5 Papers on Product Classification Every Data Scientist Should Read

Product categorization/product classification is the organization of products into their respective departments or categories. A large part of the process is the design of the product taxonomy as a whole. 

Product categorization was initially a text classification task that analyzed the product’s title to choose the appropriate category. However, numerous methods have been developed which take into account the product title, description, images, and other available metadata. 

The following papers on product categorization represent essential reading in the field and offer novel approaches to product classification tasks.

1. Don’t Classify, Translate

In this paper, researchers from the National University of Singapore and the Rakuten Institute of Technology propose and explain a novel machine translation approach to product categorization. The experiment uses the Rakuten Data Challenge and Rakuten Ichiba datasets. 

Their method translates or converts a product’s description into a sequence of tokens which represent a root-to-leaf path to the correct category. Using this method, they are also able to propose meaningful new paths in the taxonomy.

The researchers state that their method outperforms many of the existing classification algorithms commonly used in machine learning today.
  • Published/Last Updated – Dec. 14, 2018
  • Authors and Contributors – Maggie Yundi Li (National University of Singapore), Stanley Kok (National University of Singapore), and Liling Tan (Rakuten Institute of Technology)

2. Large-Scale Categorization of Japanese Product Titles Using Neural Attention Models

The authors of this paper propose attention convolutional neural network (ACNN) models over baseline convolutional neural network (CNN) models and gradient boosted tree (GBT) classifiers. 
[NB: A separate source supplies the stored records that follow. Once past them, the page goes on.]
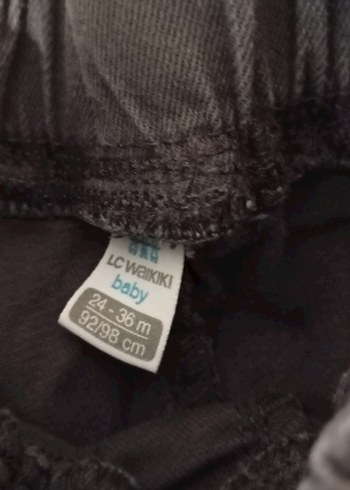 24-36 Ay Beden Gri Erkek Çocuk Bol Kesim Denim Pantolon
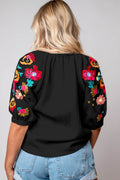 Beige Floral Embroidered Puff Sleeve Ricrac Textured Blouse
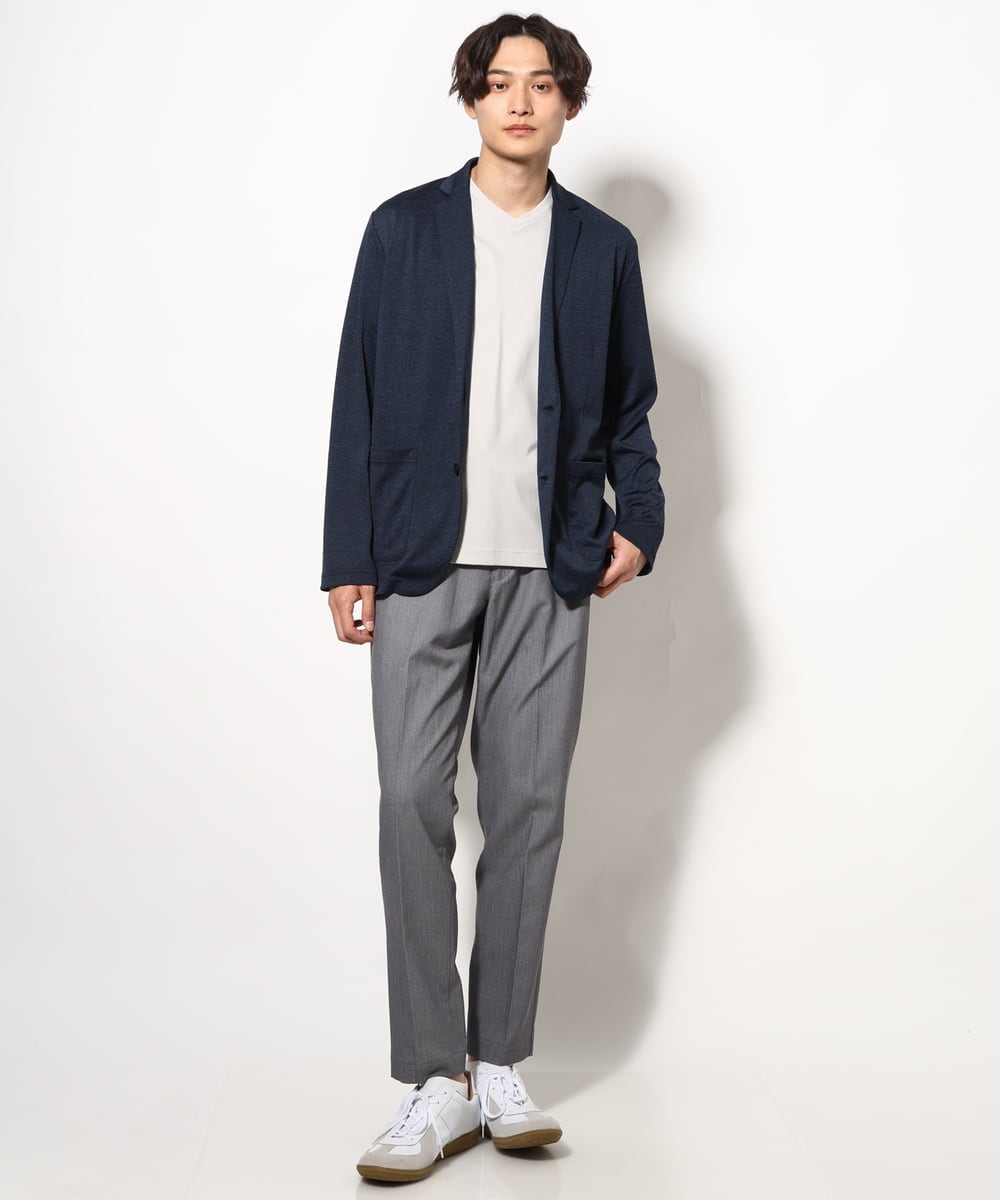 KHJHV53089 a.v.v MEN(アー・ヴェ・ヴェ) 【洗える/接触冷感】ブライト天竺サマージャケット【吸水速乾/UVカット】 グレー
The study uses Japanese product titles taken from Rakuten Ichiba as training data. Using this data, the authors compare the performance of the three methods (ACNN, CNN, and GBT) for large-scale product categorization. 

While differences in inaccuracy can be less than 5%, even minor improvements in accuracy can result in millions of additional correct categorizations. 

Lastly, the authors explain how an ensemble of ACNN and GBT models can further minimize false categorizations.


  • Published/Last Updated – April, 2017 for EACL 2017
  • Authors and Contributors – From the Rakuten Institute of Technology: Yandi Xia, Aaron Levine, Pradipto Das Giuseppe Di Fabbrizio, Keiji Shinzato and Ankur Datta 

3. Atlas: A Dataset and Benchmark for Ecommerce Clothing Product Classification

Researchers at the University of Colorado and Ericsson Research (Chennai, India) have created a large product dataset known as Atlas. In this paper, the team presents its dataset which includes over 186,000 images of clothing products along with their product titles.